Kash Patel Among 4 High-profile Trump Officials Subpoenaed by Jan. 6 Investigating Committee

  • The former Pentagon official and longtime House Intelligence Committee aide was reportedly in constant contact with the then-White House Chief of Staff Mark Meadows on the day of the attack and was involved in discussions with senior Pentagon officials before and during the attack regarding security at the Capitol.

Former Pentagon official and longtime House Intelligence Committee aide Kashyap “Kash” Patel is among four Trump loyalists who were issued subpoenas Sept. 23 by the Select Committee investigating the Jan. 6 attack on the Capitol. Politico says the subpoenas mark “a turning point in the investigation as lawmakers begin homing in on Trump’s effort to overturn the 2020 election results.” 

Others who were subpoenaed were Meadows, former top White House adviser Steve Bannon; and longtime Trump social media chief Dan Scavino. The four Trump associates are ordered to produce relevant documents by Oct. 7 and appear for depositions the following week.

Patel was serving as Chief of Staff to Acting Secretary of Defense Christopher C. Miller during the attack after Trump appointed him to replace Mark T. Esper as the top Pentagon official. In that role, he was responsible for leading the secretary’s mission at the department, including his executive staff and providing counsel to the secretary on all matters concerning the department’s operations.
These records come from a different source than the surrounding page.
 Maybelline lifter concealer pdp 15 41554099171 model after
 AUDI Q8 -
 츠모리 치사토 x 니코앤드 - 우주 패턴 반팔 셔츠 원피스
It has been widely reported that Patel was in constant contact with former White House chief of staff Mark Meadows on the day of the riots. He was also involved “in discussions among senior Pentagon officials before and during the attack regarding security at the Capitol,” The New York Times reported, citing documents provided by the Defense Department. 

A day after the attack, Patel had issued a statement denying Trump’s reluctance to deploy the National Guard to the Capitol on Jan. 6. Patel said he spoke “multiple times this week about the request for National Guard personnel in D.C. During these conversations, the president conveyed to the acting secretary that he should take any necessary steps to support civilian law enforcement requests in securing the Capitol and federal buildings.”

In the letter issued to Patel, the committee, headed by Bennie Thompson (D-Miss.), says that based on documents obtained from the Select Committee and published accounts, “there is substantial reason to believe that you have additional documents and information relevant to understanding the role played by the Department of Defense and the White House in preparing for and responding to the attack on the U.S. Capitol, as well as documents and information relating to your personal involvement in planning for events on January 6 and the peaceful transfer of power.” 

Last December, Axios first reported that CIA Director Haspel “threatened to resign” in early December after she became aware of President Trump’s plan to name Patel, a former aide to Rep. Devin Nunes (R-Calif.), as her deputy.

The committee also referenced Trump’s attempt to appoint Patel as deputy director of the CIA in early December. “it is also alleged that you were considered for other positions during the last two months of the Trump administration, and you may have knowledge of other planning activities relevant to the Committee’s inquiry,” the letter read. 

Last December, Axios reported that CIA Director Haspel “threatened to resign” in early December after she became aware of President Trump’s plan to name Patel, a former aide to Rep. Devin Nunes (R-Calif.), as her deputy. Trump had recently named Patel as the chief of staff to Miller, after firing Defense Secretary Mark Esper, six days after the election. Patel’s appointment was shocking, Axios noted, adding that “Patel had no military experience, and was widely seen as a political mercenary bent on punishing the president’s perceived ‘Deep State’ foes.”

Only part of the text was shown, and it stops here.